Cet article explique comment transformer ce document en base de travail pour le carbone : ce que nous observons aujourd’hui chez les maîtres d’ouvrage, les trois règles à respecter pour qu’une gamme documentée reste juste, ce que cela change sur vos opérations, et par où commencer.

Ce que votre gamme de prestations fixe déjà du carbone

Une gamme de prestations décrit ce qui sera livré à l’acquéreur, poste par poste, selon cinq niveaux emboîtés : les parties de l’opération (privatives, communes), les groupes (menuiseries, sols et murs, équipements), les sous-groupes qui correspondent à des locaux ou à des ouvrages, les prestations, et enfin les produits retenus pour chacune.
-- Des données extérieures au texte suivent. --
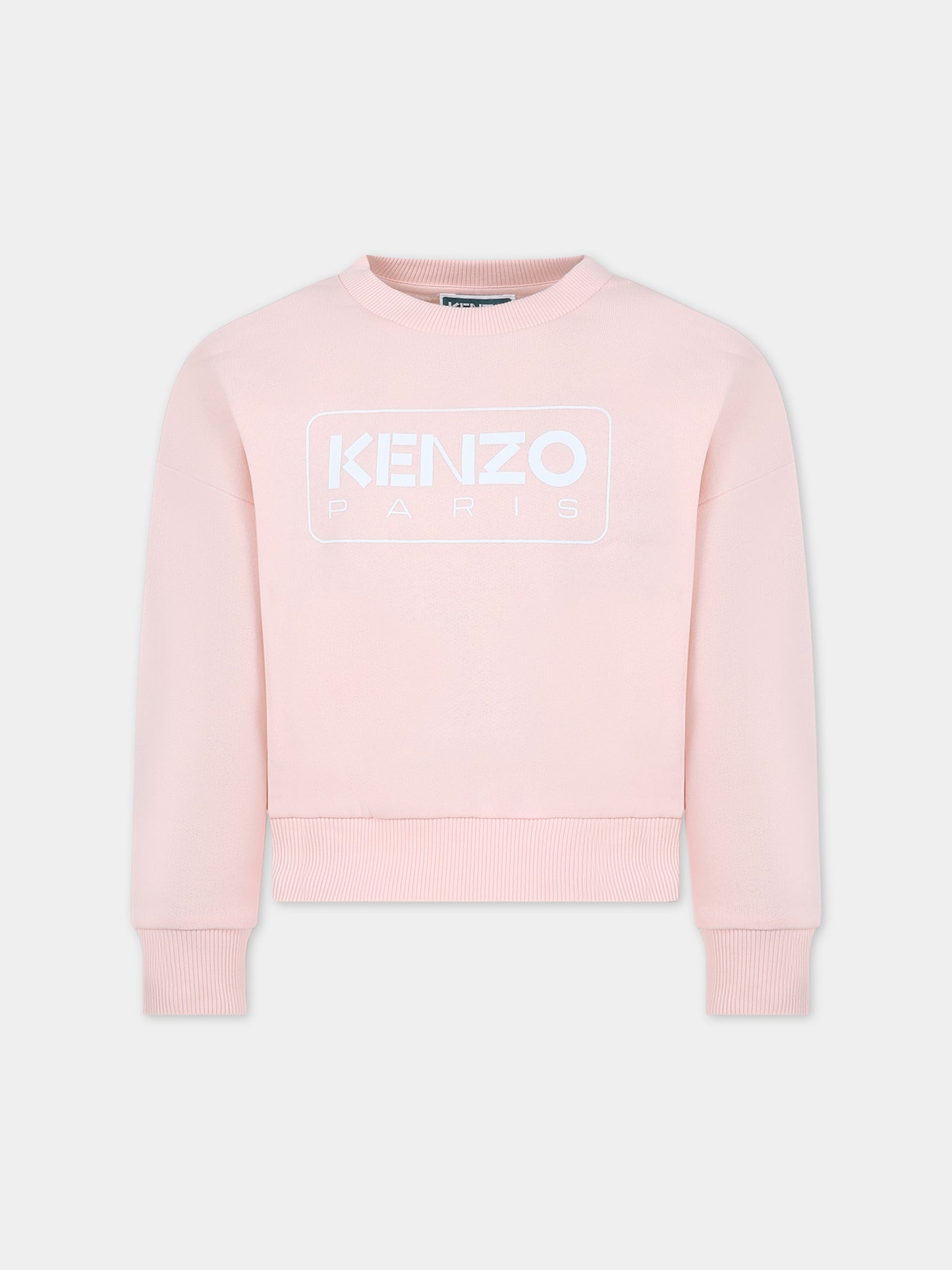 Felpa rosa per bambina con logo,Kenzo Kids,K60238 46T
Ce document fixe d’abord un niveau de standing. Entre une opération de logement social et une résidence haut de gamme, le bâtiment peut avoir la même surface et le même principe structurel. Ce qui change, ce sont les produits retenus. Une gamme n’affiche pas toujours de prix, mais elle détermine le coût de sortie de l’opération.

Un document déjà utilisé par toute l’équipe

Une gamme sert aujourd’hui à trois publics. À l’acquéreur, à qui elle tient lieu d’engagement contractuel. À l’architecte et au bureau d’études, à qui elle donne un cadre de conception. À l’entreprise, à qui elle fixe une exigence d’exécution.

Elle peut servir à un quatrième usage : le calcul carbone. Chaque produit de la gamme correspond à une fiche environnementale déposée dans la base INIES. Il ne s’agit donc pas de produire un document supplémentaire, mais d’ajouter cette information à celui qui existe déjà.

Trois façons d’organiser une gamme de prestations

Trois manières d’organiser une gamme de prestations reviennent chez les maîtres d’ouvrage.

La première est un document autonome par niveau de gamme. Il est facile à diffuser aux équipes commerciales, mais comparer deux niveaux impose d’ouvrir deux fichiers.

La deuxième est une matrice croisant les niveaux de gamme et les typologies de logement. Elle est plus compacte, mais une case vide y est ambiguë : elle peut signifier « identique au niveau précédent » comme « sans objet ».

La troisième est un référentiel de produits, avec une ligne par produit, sa marque, sa référence et sa fiche. C’est le format le plus long à constituer, et le plus directement exploitable pour un calcul carbone.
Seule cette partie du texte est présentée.